Every line holding the string "Black" is to be copied from the entries below.
▽
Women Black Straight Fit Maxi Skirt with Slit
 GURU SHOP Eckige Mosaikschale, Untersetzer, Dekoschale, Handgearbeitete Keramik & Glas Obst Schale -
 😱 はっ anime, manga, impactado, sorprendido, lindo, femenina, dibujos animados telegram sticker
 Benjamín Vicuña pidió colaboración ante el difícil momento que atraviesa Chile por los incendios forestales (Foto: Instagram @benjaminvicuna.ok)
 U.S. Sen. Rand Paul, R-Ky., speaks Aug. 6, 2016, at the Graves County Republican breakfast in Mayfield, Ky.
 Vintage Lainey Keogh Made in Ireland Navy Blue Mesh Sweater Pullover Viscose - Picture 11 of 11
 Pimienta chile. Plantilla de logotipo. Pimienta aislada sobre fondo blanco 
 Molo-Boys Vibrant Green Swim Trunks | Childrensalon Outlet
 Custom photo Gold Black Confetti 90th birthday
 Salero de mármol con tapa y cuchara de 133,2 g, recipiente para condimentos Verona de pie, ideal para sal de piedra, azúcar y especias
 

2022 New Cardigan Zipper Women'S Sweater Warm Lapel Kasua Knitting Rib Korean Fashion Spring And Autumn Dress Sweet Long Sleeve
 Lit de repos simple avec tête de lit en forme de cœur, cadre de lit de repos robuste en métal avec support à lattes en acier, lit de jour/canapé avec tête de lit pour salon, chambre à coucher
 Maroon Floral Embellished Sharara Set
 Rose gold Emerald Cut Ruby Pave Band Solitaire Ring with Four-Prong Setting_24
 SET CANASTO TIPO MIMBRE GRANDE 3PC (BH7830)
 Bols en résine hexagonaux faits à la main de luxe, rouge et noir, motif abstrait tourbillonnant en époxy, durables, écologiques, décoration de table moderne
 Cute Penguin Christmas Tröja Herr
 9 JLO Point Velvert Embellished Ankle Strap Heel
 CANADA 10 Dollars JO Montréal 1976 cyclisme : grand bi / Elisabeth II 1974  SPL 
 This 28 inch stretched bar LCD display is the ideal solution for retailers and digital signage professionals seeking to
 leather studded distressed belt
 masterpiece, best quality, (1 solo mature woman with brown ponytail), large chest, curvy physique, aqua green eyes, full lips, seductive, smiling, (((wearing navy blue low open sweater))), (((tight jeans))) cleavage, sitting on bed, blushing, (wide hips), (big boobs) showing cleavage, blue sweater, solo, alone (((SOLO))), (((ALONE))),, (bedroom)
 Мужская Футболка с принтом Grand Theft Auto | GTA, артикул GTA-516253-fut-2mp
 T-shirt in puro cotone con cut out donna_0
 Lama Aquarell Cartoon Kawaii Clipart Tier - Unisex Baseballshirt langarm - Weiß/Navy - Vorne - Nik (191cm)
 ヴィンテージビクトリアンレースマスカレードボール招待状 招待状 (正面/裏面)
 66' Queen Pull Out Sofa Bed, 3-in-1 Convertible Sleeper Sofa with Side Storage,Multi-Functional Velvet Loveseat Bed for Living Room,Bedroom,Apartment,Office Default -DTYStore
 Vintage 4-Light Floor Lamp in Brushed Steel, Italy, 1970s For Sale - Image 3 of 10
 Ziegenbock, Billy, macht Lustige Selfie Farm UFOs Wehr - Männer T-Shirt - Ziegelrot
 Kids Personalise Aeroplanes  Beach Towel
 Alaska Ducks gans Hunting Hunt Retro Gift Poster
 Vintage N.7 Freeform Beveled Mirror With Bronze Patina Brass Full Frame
△
→ ANSWER FOR THE TASK
Women Black Straight Fit Maxi Skirt with Slit
 Custom photo Gold Black Confetti 90th birthday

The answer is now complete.